Click to enlarge photograph of Aldine Square, Vincennes Avenue, Chicago

Aldine Square, Chicago, Illnois, c. 1920

545 Aldine Square, Chicago (just off the photograph on the left-hand side) is the dwelling that Jelly Roll Morton gave as his permanent home address on his WWI Draft Registration Card. Jelly Roll was smart enough to add 37th & Vincennes as a clue, as Aldine Square was an obscure street then. It was built as one of several park-like streets in that area. It ran for a half block west of Vincennes just south of 36th Street. You could only go one way on it as it didn’t go anywhere. You could drive in and drive around a little park-like area and then out — sort of like many driveways.

The buildings would have been fairly substantial; probably brick, as the area had been built as fairly upscale housing. When the area became African-American, about the time Morton lived there; the buildings were owned by absentee landlords who divided the buildings into small rental dwellings, collected as much rent as they could and did little or nothing to maintain the buildings. The area went into a sharp decline and it was leveled during the late 1930s when the WPA constructed a large public housing project on the site. The street (Aldine Square) ceased to exist at that time.

The area is undergoing revitalization these days — some of the worst of the public housing has been taken down and there is significant new construction going on — the first privately funded building in the area in almost a hundred years. The area was originally part of a 53-acre estate called “Oakenwald,” owned by Sen. Stephen Douglas (of the Lincoln-Douglas Debates), who is buried in the area and memorialized with a monument.
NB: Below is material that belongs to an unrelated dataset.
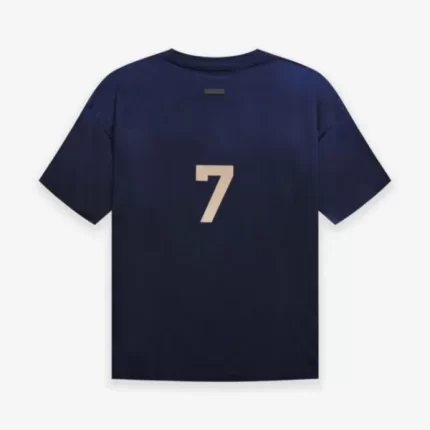 Essentials Fear of God 7 T-Shirt Navy Blue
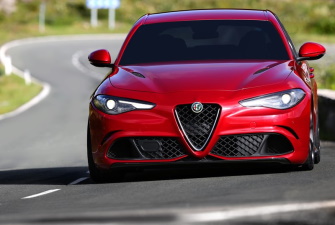 Alfa Romeo Giulia-Quadrifoglio | 510HP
During the Civil War the area housed Camp Douglas, a containment center for Confederate prisoners of war, and a number of them are buried in a small cemetery a few blocks north of the site. [PVV 2]

Note: A former U.S. government agency, the WPA was established in 1935 by executive order of President Franklin D. Roosevelt as the Works Progress Administration; it was renamed the Work Projects Administration in 1939, when it was made part of the Federal Works Agency.